House Judiciary Committee Chairman Jerrold Nadler (D-N.Y.) announced late Thursday that the vote on articles of impeachment against President Donald Trump would be postponed.
“It has been a long two days of consideration of these articles [of impeachment], and it is now very late at night,” Nadler said around 11:20 p.m. local time, after a 14-hour congressional hearing.
“I want the members on both sides of the aisle to think about what is happening over these last two days and to search their consciences before we cast our final votes. Therefore the committee will now stand in recess until tomorrow [Friday] morning at 10 a.m., at which point I will move to divide the question so that each of us may have the opportunity to cast up or down votes, on each of the articles of impeachment ... the committee is in recess,” he said.
Immediately following Nadler’s announcement, Rep. Doug Collins (R-Ga.), ranking member of the House Judiciary Committee, said that the sudden change was not discussed.
“There was no consulting through the minority ranking member on your schedule for tomorrow, which you'd just blown up schedules for everyone. You chose not to consult the ranking member on the schedule issue of this magnitude?” Collins asked. “This is the kangaroo court that we’re talking about ... not even consult?”
“They do not care about rules; they have one thing, their hatred of Donald Trump,” Collins added.

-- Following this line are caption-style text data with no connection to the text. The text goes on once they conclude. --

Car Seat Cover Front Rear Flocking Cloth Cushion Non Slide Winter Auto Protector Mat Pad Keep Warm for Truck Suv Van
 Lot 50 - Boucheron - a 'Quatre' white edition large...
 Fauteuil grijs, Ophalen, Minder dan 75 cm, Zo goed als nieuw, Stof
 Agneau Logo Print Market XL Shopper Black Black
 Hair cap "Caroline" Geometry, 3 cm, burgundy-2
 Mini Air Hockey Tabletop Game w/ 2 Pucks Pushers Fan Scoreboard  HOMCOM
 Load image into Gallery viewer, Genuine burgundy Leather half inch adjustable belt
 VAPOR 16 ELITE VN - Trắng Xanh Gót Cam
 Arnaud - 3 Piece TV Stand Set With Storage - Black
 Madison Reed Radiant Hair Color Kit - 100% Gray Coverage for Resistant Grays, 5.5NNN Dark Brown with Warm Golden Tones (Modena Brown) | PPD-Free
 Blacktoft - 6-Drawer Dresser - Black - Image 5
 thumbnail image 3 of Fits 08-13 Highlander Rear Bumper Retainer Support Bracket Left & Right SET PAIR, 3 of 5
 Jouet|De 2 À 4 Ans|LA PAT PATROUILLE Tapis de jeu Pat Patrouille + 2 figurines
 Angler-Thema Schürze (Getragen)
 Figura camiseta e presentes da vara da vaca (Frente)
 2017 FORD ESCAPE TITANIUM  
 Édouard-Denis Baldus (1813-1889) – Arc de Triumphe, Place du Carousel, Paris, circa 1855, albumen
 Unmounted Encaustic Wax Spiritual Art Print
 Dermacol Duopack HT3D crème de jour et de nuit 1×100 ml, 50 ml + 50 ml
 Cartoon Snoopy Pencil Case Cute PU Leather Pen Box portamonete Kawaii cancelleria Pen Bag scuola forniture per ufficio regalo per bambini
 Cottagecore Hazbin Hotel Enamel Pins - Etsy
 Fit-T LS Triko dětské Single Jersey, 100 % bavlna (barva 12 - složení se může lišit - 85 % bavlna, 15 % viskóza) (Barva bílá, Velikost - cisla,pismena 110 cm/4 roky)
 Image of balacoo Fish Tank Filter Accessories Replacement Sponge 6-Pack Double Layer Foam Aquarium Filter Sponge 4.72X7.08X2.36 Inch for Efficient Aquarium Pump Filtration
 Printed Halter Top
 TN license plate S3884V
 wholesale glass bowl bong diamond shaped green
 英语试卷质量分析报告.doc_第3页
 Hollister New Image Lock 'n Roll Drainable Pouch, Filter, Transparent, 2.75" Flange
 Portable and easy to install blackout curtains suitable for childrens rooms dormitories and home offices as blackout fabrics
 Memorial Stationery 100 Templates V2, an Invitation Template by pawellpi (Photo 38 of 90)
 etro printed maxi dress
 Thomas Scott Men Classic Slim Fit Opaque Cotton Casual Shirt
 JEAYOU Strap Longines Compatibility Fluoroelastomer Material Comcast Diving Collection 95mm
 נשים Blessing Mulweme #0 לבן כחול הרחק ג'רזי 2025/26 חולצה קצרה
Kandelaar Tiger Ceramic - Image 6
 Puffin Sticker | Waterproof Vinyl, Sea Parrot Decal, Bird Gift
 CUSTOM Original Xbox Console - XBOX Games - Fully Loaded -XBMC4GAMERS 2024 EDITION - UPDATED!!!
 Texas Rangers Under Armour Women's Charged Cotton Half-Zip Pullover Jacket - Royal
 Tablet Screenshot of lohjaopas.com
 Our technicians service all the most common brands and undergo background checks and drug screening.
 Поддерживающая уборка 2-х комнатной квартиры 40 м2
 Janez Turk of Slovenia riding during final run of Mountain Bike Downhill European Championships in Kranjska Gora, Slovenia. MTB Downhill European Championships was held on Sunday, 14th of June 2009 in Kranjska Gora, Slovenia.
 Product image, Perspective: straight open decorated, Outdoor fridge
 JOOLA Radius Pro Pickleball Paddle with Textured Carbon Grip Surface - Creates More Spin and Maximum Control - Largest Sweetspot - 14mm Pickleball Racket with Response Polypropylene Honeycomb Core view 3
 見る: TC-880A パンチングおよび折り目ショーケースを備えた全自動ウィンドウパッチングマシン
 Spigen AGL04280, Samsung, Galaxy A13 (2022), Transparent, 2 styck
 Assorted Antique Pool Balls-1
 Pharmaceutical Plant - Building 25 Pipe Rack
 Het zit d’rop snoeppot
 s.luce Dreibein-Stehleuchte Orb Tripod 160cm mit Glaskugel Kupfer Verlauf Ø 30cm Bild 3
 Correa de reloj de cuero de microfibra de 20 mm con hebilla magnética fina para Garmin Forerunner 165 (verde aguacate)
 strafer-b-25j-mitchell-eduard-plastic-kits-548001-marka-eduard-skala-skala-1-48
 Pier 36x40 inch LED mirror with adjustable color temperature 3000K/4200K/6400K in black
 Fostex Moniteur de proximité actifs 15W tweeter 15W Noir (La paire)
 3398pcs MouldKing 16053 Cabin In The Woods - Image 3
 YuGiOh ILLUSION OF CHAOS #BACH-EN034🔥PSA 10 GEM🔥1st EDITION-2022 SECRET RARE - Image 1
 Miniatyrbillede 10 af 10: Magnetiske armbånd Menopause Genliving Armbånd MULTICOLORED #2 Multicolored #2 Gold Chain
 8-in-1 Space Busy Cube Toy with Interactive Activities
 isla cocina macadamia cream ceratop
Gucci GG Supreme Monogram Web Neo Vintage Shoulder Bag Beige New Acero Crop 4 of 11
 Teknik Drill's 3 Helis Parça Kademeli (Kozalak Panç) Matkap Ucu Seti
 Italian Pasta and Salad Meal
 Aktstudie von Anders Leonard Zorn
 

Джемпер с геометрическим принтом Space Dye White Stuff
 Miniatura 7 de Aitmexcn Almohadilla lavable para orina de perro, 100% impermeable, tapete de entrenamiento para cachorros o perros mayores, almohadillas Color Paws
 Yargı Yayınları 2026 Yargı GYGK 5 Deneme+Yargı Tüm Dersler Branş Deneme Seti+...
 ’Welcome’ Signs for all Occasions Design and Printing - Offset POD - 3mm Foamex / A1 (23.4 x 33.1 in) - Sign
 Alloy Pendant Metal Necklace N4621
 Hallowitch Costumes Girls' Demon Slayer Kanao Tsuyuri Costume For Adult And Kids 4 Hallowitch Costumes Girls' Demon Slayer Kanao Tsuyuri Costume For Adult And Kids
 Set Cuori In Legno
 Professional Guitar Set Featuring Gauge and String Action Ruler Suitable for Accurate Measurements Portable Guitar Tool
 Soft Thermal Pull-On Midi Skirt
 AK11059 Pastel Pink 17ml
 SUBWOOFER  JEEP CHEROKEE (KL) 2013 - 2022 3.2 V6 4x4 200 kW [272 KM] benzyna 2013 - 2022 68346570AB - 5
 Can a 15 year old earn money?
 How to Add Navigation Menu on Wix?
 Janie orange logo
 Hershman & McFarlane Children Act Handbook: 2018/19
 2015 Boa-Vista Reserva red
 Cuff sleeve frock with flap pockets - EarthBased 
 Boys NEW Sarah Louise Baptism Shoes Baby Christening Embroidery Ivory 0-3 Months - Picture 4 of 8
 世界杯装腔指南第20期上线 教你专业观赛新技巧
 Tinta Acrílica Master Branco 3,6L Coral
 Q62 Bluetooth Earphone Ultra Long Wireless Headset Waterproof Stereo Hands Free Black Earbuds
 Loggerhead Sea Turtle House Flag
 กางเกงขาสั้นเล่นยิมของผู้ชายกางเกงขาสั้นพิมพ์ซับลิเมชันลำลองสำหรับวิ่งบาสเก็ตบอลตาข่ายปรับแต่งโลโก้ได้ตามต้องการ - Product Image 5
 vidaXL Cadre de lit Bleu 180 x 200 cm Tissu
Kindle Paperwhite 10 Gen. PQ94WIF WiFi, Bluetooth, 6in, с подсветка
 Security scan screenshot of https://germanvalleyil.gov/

“This was the most bush-league thing I have seen, forever,” he told reporters. “This committee is more concerned about getting on TV in the morning than it was finishing its job tonight and letting the members go home. Words cannot describe how inappropriate this was.”
Rep. Louie Gohmert (R-Texas) could be heard saying “Stalinist!” soon after Nadler’s announcement.
Asked why the votes did not occur late Thursday, House Judiciary Vice Chair Mary Gay Scanlon (D-Pa.) said, “The American people deserve to see the vote.”
Democrats’ push to impeach Trump revolve around his July phone call with Ukrainian President Volodymyr Zelensky, during which Trump asked his counterpart to “look into” allegations against former Vice President Joe Biden and his son Hunter Biden.
Trump noted that Joe Biden stated publicly last year that he threatened in 2016 to withhold $1 billion in aid to Ukraine unless the country fired its top prosecutor, Viktor Shokin. Shokin was reportedly investigating the Ukrainian natural gas company Burisma on which Hunter Biden, served as a board director while his father was in office. Shokin’s replacement closed the probe after Shokin was fired.
But Democrats said that testimony from State Department and National Security Council officials suggest that Trump had exerted pressure on Ukraine to secure an investigation into the Bidens, construing a misuse of power.